Kostümbildnerin Bettina Munzer, mit Lowery schon beim »Freischütz« ein Team, setzt den Priestern übergroße Totemköpfe aufs Haupt und lässt sie wie raunende Islamisten verstörend und bedrohlich wirken. Die Protagonisten dagegen sind in unschuldiges Weiß gehüllt. Das Seeungeheuer des zweiten Akts, das Kreta ins Verderben zu reißen droht, wird per Videofilm auf den transparenten Vorhang projiziert: herumkrabbelnde Schmeißfliegen.

Um die eindimensionale Handlung aufzupeppen, verdeutlicht Lowery das grausame Ritual des Meuchelns im Gottesauftrag mithilfe einiger Probeopfer. Sie werden in einem aus dem Bühnenboden aufsteigenden riesigen Buch – die Bibel, der Koran, ein Band mit Geheimrezepten der englischen Küche? – vergast oder gekocht. Die Rauchwolke, die beim Tod der Delinquenten aufsteigt, lässt Interpretationen zu.

Auch die Solisten stehen unter Dampf. Bernhard Berchtold überzeugt als Idomeneo sängerisch und mimisch. Countertenor Kangmin Justin Kim ist ein zerrissener, heldenhafter Idamante – die Kopfstimme der Neuentdeckung am Countertenorhimmel leuchtet bis in die letzte Bank. Haussopranistin Naroa Intxausti gibt eine bezaubernde Ilia, ihr Gesang perlt betörend schön. Kirsten Blaise als eifersüchtige Elettra bietet den perfiden Gegenpol zur Ilia. Andreas Karasiak als Arbace setzt auf die hohe Kunst der Koloraturen, während sich Christian Richter als Gran Sacerdote und Calin Valentin Cozma als die Stimme aus dem Off solide ins Gesamtkonstrukt fügen.

Im Graben spielt das Philharmonische Orchester unter der Leitung von Generalmusikdirektor Michael Hofstetter befreit auf. Dem Dirigenten gelingt es, den Musikern eine eigene, in Gießen zuvor nicht gehörte intensive Tonsprache abzuverlangen, die so reich und stimmig erscheint, dass selbst die tröpfelnden Rezitative und nicht enden wollenden Koloraturen in den Arien wie beseelt erklingen. Hofstetter verzichtet auf die Balletteinlage am Ende der Urfassung. Sein Mozart ertönt eine Spur dramatischer als die Version seines Vorbilds Nikolaus Harnoncourt in Zürich. Der einstige Schüler übertrumpft hier den Altmeister.

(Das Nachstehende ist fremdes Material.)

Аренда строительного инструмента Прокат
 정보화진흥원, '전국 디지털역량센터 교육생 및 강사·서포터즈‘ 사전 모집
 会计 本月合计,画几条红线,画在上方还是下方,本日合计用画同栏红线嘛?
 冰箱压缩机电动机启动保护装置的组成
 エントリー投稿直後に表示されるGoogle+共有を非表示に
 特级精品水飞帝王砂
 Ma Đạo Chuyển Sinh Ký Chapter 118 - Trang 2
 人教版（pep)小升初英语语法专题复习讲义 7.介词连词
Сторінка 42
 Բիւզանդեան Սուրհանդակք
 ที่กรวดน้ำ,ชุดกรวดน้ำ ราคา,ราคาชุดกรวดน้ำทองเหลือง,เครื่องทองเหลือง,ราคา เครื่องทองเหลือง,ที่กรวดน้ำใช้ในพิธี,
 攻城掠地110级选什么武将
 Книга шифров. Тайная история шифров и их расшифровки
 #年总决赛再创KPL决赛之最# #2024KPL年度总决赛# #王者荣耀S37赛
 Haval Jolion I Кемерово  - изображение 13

Heimlicher Star des Abends ist der Chor und Extrachor des Stadttheaters. Neun Titel gilt es, zu bewältigen. Jan Hoffmann hat seine Sänger perfekt ab- und eingestimmt. So wird dieser »Idomeneo« zu einer musikalisch runden Sache.

Leider verschießt Regisseur Lowery sein Kreativpulver bereits im ersten Akt mitsamt der niedlichen Einlage eines Handpuppenspielers (Cozma), der in Zauberkünstlermanier die eigene Puppe im Jungfrauenzersägungspappkarton opfert.

Im zweiten und dritten Durchgang wärmt Lowery die Einfälle nur noch einmal auf, was in der fast dreistündigen Oper für Längen sorgt. Im Showdown konterkariert der Engländer seine Inszenierung und holt den Chor in Straßenkleidung auf die Bühne, nachdem er zuvor einen Videofilm über die Sänger zeigt, gedreht in den Gängen des Stadttheaters während der Probenzeit.

Der Deus ex machina, gern genutzt, wenn der Textautor nicht weiter weiß, setzt dem Spuk ein Ende und befreit Idomeneo von seinem Gelübde. Im Schlussbild ist die Menschheit glücklich: Sie hat den grausamen Götterwillen besiegt und präsentiert – auf Kreta, wie gesagt, der Wiege der Kultur – ein Heer an frisch gezeugten Puppenbabys. Schlussakkord, Vorhang (diesmal der, durch den man nicht hindurchschauen kann).